What the task requires
Nothing but the lines from the one that contains "Char en Java: aprende" to the end of the records should be printed, both ends included, exactly as given.

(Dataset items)

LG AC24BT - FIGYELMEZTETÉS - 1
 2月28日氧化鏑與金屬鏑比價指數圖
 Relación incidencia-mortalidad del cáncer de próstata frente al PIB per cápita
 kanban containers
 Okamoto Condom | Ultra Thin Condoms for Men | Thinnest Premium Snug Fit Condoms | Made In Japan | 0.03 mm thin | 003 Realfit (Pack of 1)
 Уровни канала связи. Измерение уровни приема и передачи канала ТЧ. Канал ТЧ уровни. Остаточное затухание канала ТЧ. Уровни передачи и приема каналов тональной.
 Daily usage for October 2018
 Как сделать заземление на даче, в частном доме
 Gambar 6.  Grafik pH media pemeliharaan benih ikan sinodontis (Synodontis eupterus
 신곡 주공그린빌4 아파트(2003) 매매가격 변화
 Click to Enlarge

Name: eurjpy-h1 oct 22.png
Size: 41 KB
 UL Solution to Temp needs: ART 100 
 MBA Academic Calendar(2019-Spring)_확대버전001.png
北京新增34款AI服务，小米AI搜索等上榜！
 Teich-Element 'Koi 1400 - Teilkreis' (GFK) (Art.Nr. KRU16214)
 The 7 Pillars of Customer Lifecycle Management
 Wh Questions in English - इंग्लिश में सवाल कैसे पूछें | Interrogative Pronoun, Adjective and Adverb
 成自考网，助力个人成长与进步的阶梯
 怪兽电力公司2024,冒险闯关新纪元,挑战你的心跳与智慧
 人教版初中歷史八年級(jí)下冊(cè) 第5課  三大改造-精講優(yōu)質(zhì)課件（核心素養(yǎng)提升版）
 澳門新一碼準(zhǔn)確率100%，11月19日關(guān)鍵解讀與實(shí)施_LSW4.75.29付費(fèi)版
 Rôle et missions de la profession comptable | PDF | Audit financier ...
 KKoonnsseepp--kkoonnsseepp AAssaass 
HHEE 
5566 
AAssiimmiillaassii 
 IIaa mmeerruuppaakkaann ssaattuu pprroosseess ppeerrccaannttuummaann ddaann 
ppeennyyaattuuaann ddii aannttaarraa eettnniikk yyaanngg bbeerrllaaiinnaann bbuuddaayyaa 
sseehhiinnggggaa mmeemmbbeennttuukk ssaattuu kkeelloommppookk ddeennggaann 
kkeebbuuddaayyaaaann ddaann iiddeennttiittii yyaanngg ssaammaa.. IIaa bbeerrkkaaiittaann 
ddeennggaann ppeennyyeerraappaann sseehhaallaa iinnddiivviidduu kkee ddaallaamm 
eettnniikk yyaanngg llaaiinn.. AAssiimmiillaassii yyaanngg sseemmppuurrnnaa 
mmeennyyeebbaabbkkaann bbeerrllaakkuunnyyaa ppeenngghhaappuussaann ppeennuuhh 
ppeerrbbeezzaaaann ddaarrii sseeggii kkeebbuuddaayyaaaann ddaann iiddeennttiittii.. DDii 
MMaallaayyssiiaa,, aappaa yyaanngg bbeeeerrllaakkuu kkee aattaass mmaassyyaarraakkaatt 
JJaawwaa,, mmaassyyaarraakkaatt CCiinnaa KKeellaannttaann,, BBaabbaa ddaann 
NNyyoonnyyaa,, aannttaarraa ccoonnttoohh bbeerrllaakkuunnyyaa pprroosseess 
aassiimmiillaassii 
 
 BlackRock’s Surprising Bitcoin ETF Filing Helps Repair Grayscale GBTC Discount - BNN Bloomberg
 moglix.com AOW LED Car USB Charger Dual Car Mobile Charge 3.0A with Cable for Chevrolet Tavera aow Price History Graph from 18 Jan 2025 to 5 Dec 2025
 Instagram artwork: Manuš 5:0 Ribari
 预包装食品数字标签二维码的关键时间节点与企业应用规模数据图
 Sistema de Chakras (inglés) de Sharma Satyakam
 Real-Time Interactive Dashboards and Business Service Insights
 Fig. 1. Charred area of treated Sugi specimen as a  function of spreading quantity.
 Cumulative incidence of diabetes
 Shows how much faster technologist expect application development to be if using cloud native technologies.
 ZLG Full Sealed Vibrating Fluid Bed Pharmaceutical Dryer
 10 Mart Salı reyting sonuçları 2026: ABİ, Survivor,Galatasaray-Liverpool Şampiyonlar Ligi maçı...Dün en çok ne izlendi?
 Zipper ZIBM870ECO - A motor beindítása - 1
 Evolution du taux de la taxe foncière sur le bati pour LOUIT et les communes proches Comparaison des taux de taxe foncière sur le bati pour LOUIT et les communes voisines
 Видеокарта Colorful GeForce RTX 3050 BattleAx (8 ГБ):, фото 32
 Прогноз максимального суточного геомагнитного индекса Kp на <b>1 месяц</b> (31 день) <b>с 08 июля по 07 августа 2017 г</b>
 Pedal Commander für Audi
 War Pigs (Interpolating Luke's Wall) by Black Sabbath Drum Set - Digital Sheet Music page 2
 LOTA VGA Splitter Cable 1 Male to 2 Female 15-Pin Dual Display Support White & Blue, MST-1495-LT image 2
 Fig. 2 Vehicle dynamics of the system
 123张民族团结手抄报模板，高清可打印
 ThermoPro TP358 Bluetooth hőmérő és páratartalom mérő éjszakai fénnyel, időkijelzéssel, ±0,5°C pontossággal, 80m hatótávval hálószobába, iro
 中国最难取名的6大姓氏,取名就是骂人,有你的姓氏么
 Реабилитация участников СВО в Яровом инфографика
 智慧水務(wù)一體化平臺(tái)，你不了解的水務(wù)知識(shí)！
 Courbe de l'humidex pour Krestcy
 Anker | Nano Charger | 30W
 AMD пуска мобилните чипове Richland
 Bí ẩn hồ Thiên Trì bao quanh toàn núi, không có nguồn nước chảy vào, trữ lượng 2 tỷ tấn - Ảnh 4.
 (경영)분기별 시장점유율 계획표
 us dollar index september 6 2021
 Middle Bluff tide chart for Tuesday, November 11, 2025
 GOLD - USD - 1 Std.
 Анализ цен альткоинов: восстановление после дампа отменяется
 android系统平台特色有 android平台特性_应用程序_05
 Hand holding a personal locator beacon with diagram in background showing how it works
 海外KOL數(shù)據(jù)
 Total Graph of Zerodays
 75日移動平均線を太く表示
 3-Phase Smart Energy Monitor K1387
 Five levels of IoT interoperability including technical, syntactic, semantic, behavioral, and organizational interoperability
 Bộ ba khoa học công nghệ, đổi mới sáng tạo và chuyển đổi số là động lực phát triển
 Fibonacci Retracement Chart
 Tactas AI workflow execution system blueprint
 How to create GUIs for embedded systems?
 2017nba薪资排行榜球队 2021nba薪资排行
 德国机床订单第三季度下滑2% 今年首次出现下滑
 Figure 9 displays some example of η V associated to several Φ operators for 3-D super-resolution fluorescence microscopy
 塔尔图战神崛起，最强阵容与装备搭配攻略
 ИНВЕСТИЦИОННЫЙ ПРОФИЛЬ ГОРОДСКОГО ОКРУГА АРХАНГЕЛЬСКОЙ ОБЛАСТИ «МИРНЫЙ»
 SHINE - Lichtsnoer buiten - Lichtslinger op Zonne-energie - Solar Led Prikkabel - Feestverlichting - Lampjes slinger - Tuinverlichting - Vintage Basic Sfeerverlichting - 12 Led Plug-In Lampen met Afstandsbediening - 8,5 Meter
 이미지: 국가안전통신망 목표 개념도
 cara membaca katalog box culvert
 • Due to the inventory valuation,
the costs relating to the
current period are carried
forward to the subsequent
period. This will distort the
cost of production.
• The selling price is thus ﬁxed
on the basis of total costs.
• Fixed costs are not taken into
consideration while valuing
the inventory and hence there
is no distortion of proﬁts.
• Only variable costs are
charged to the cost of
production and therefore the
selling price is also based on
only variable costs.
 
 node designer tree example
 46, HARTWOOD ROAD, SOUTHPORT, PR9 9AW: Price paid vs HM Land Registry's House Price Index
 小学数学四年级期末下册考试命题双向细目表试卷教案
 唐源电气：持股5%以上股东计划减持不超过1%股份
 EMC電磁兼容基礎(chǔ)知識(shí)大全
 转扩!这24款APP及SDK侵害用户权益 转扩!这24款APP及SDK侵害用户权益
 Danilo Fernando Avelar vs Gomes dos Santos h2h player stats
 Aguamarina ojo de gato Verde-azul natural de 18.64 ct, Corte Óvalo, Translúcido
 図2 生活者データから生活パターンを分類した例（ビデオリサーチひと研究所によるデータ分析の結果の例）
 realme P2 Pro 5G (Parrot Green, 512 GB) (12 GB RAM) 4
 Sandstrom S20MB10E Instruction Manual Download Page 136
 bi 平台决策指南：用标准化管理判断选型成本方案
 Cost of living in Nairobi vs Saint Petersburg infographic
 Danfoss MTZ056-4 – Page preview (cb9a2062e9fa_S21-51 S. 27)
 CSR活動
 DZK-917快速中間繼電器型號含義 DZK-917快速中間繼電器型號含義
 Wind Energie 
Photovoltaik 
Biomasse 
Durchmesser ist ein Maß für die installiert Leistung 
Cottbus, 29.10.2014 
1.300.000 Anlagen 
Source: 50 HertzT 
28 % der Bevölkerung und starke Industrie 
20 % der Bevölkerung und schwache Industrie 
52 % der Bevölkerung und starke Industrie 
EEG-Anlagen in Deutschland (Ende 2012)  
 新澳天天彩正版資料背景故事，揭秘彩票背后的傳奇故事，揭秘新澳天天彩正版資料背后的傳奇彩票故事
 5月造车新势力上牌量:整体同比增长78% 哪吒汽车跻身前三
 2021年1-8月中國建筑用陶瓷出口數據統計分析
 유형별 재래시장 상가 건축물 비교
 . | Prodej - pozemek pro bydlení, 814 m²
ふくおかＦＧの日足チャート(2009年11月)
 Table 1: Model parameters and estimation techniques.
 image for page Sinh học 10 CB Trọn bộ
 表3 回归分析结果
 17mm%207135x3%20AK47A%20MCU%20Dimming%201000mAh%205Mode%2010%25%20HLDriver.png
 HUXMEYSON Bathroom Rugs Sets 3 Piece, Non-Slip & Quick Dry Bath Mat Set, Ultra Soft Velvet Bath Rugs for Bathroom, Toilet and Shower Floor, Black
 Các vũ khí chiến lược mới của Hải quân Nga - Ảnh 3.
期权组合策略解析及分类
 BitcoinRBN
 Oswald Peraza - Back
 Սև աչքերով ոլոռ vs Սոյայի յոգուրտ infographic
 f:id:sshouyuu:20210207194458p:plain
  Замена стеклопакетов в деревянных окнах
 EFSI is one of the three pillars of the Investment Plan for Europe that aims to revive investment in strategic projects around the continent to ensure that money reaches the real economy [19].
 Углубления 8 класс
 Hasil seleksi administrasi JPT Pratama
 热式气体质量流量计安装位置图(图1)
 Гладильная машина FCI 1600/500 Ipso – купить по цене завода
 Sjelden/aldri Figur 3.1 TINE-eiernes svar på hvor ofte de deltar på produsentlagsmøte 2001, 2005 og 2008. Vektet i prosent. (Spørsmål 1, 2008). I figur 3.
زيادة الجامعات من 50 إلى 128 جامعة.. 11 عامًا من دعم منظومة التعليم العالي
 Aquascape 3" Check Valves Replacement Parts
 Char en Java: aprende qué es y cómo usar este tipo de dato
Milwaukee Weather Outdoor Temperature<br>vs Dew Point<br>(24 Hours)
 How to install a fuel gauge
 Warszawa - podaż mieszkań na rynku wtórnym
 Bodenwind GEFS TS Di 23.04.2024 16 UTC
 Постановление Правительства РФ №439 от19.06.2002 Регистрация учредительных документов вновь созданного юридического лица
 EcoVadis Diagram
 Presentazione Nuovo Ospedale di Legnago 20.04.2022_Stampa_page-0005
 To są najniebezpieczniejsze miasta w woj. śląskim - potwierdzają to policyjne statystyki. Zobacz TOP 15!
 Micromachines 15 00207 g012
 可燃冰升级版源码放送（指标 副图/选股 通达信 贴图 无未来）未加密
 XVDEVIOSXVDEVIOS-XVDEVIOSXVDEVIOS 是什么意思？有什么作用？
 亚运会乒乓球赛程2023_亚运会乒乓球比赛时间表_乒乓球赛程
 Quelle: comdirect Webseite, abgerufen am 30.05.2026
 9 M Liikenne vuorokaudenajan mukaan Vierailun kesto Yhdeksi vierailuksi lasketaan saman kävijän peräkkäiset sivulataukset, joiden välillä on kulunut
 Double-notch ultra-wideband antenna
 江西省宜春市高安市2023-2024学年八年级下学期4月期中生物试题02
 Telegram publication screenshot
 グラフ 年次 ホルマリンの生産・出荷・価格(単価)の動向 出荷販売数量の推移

Completed exercise
 Char en Java: aprende qué es y cómo usar este tipo de dato
Milwaukee Weather Outdoor Temperature<br>vs Dew Point<br>(24 Hours)
 How to install a fuel gauge
 Warszawa - podaż mieszkań na rynku wtórnym
 Bodenwind GEFS TS Di 23.04.2024 16 UTC
 Постановление Правительства РФ №439 от19.06.2002 Регистрация учредительных документов вновь созданного юридического лица
 EcoVadis Diagram
 Presentazione Nuovo Ospedale di Legnago 20.04.2022_Stampa_page-0005
 To są najniebezpieczniejsze miasta w woj. śląskim - potwierdzają to policyjne statystyki. Zobacz TOP 15!
 Micromachines 15 00207 g012
 可燃冰升级版源码放送（指标 副图/选股 通达信 贴图 无未来）未加密
 XVDEVIOSXVDEVIOS-XVDEVIOSXVDEVIOS 是什么意思？有什么作用？
 亚运会乒乓球赛程2023_亚运会乒乓球比赛时间表_乒乓球赛程
 Quelle: comdirect Webseite, abgerufen am 30.05.2026
 9 M Liikenne vuorokaudenajan mukaan Vierailun kesto Yhdeksi vierailuksi lasketaan saman kävijän peräkkäiset sivulataukset, joiden välillä on kulunut
 Double-notch ultra-wideband antenna
 江西省宜春市高安市2023-2024学年八年级下学期4月期中生物试题02
 Telegram publication screenshot
 グラフ 年次 ホルマリンの生産・出荷・価格(単価)の動向 出荷販売数量の推移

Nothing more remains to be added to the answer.